The general assembly passed the new formula, Act 148, early in the 2017 legislative session. I signed it in February. The law was a response to concern that the rate of graduation in two-year and four-year colleges has been too low. The goal of my administration is to raise the rate of graduation and completion from the current 40 percent to 60 percent by 2025. We have committed an additional 10 million dollars to higher education as we transition to the new formula, which we will use for the first time next year, which starts July 1, 2018.
Act 148 is a much needed upgrade of the state’s financial supports of its institutions of higher learning. If we are going to build a strong workforce so that Arkansas can compete in the 21st century marketplace, we must ensure that the diplomas and certificates we award guarantee that we have taught our students well.
As Maria Markham, director of the state Department of Higher Education, said in a recent interview with the Arkansas Democrat-Gazette, this is a necessary remedy to Arkansas’s historically low educational ranking.

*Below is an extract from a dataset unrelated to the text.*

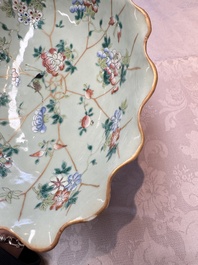 Three Chinese famille rose celadon-ground leaf-form tazzas, Tongzhi and Guangxu marks, 19th C.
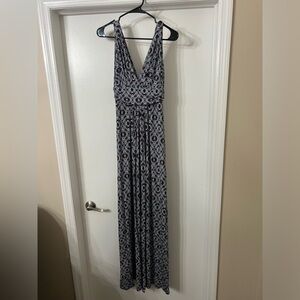 Woman’s TART Maxi dress size Medium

On so many fronts, we are building a brighter future for Arkansans. We are reinforcing the foundation of our workforce with our computer science initiative by preparing students at a young age to enter a high-tech workplace with a high-tech education. We are catching the attention of foreign companies; already, we have attracted several businesses and hundreds of millions of dollars of direct foreign investment in Arkansas.
Our new formula for funding universities and colleges will further enhance our reputation as a state preparing for the future by providing an excellent, highly qualified pool of employees. We are rapidly climbing to the top of the class.
I am proud to be governor of a state whose leaders put so much thought, energy and elbow-grease into making this a state that keeps its homegrown talent at home while attracting top talent and business from around the world.